### Exercise requirements:
Please output the entries below exactly as they are.

### Material supplied:
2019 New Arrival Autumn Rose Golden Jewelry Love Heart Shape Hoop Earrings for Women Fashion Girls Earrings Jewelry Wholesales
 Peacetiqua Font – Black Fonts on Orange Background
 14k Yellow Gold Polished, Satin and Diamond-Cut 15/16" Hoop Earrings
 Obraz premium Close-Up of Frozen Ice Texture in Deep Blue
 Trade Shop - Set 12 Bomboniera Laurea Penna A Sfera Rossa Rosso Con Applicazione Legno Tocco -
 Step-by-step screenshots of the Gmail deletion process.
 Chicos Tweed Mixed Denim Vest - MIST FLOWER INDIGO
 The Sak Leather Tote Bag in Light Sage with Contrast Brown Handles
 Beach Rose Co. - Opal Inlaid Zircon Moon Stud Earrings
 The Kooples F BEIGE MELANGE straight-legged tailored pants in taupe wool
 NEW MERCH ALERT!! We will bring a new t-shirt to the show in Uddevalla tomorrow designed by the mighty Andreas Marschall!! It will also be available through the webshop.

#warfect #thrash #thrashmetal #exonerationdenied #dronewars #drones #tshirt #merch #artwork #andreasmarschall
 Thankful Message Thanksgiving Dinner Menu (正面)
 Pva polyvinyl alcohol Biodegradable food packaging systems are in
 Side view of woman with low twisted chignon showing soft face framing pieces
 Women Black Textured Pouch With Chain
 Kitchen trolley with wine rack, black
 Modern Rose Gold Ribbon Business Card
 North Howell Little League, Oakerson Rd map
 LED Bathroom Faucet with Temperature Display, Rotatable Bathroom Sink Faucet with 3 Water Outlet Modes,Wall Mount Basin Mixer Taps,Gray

### Task result:
2019 New Arrival Autumn Rose Golden Jewelry Love Heart Shape Hoop Earrings for Women Fashion Girls Earrings Jewelry Wholesales
 Peacetiqua Font – Black Fonts on Orange Background
 14k Yellow Gold Polished, Satin and Diamond-Cut 15/16" Hoop Earrings
 Obraz premium Close-Up of Frozen Ice Texture in Deep Blue
 Trade Shop - Set 12 Bomboniera Laurea Penna A Sfera Rossa Rosso Con Applicazione Legno Tocco -
 Step-by-step screenshots of the Gmail deletion process.
 Chicos Tweed Mixed Denim Vest - MIST FLOWER INDIGO
 The Sak Leather Tote Bag in Light Sage with Contrast Brown Handles
 Beach Rose Co. - Opal Inlaid Zircon Moon Stud Earrings
 The Kooples F BEIGE MELANGE straight-legged tailored pants in taupe wool
 NEW MERCH ALERT!! We will bring a new t-shirt to the show in Uddevalla tomorrow designed by the mighty Andreas Marschall!! It will also be available through the webshop.

#warfect #thrash #thrashmetal #exonerationdenied #dronewars #drones #tshirt #merch #artwork #andreasmarschall
 Thankful Message Thanksgiving Dinner Menu (正面)
 Pva polyvinyl alcohol Biodegradable food packaging systems are in
 Side view of woman with low twisted chignon showing soft face framing pieces
 Women Black Textured Pouch With Chain
 Kitchen trolley with wine rack, black
 Modern Rose Gold Ribbon Business Card
 North Howell Little League, Oakerson Rd map
 LED Bathroom Faucet with Temperature Display, Rotatable Bathroom Sink Faucet with 3 Water Outlet Modes,Wall Mount Basin Mixer Taps,Gray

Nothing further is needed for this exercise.